By John Wilcockson
French champion Christophe Moreau, one of the stars of Sunday’s grueling stage to Tignes, says he is hoping to do well in the Pyrénées in the Tour’s final week and finish on the podium in Paris. His best Tour finish to date was fourth in 2000. After eight stages of this Tour he’s sitting in seventh overall, 3:06 down on race leader Michel Rasmussen, but on a par with other contenders like Alejandro Valverde, Cadel Evans, Fränk Schleck and Denis Menchov.
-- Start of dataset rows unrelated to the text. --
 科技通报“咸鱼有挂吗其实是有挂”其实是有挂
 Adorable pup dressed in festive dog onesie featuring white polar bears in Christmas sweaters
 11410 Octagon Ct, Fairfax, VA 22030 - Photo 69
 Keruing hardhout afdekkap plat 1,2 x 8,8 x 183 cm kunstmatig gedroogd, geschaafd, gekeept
At a press conference Monday morning in the alpine village of Les Brevières, near Tignes, the AG2R team leader explained why he was so aggressive on Sunday’s final climb. “I believed a lot on this climb to create some time gaps and to see who was and wasn’t competitive,” Moreau said. “I was probably the only who believed that we could challenge the [Tour’s] big act — Astana, Vinokourov, Klöden. It was interesting to try. I had to try something, because I was a little alone in thinking that.
“It’s true I used up a lot of energy in attacking but If I hadn’t done that the time gaps would have been much smaller and most likely leaders like [Vladimir] Karpets, Vino and Klöden would have gotten back to us and it would have been another stage without much happening.”
Moreau added that he was “very tired” from his aggressive day in the saddle and that the other contenders would now pay him much closer attention, but he said he is very proud of what he is doing in the Tour. “I gained confidence from [winning] the Dauphiné and when you have good legs you have to try something. Otherwise what’s the point of racing,” he said.
Moreau, 36, is in his 12th year as a professional. He is in his second season with AG2R after four years with Crédit Agricole and six with the infamous Festina team. He was one of the nine Festina riders in 1998 who confessed to doping, but he said he saw that as a turning point in his career and that he now wants to be an example to younger riders.
When asked Monday about his thoughts on the recent revelations by T-Mobile riders that they too doped in the mid- to late-90s. Moreau said, “I was out of the country [racing] in Spain when that came out, so I didn’t pay much attention. Since then, I’ve followed the developments, the news, but what more can you say, it was up to them. What they said makes cycling look bad. We don’t have any need for that and should continue in a positive direction.”
Getting back to this race, Moreau was asked whether he had a legitimate chance at making the podium. “I hope,” he replied. “I hope. I want to. Now, I know the Tour very well, it’s my wish that I don’t have a bad day. I’m able to pace myself better now but you can’t always be at your best — and I’m thinking here of the Pyrénées which are difficult in the final week.
“For now, everything is going well and I’m recuperating well, but between the difficulties, the strategy and the recuperation, it’s necessary to have a little mélange of all three to succeed and get a chance at the podium. And I know I will have to attack to get on the podium as I’m not great at the time trials right now. But we’ll see.”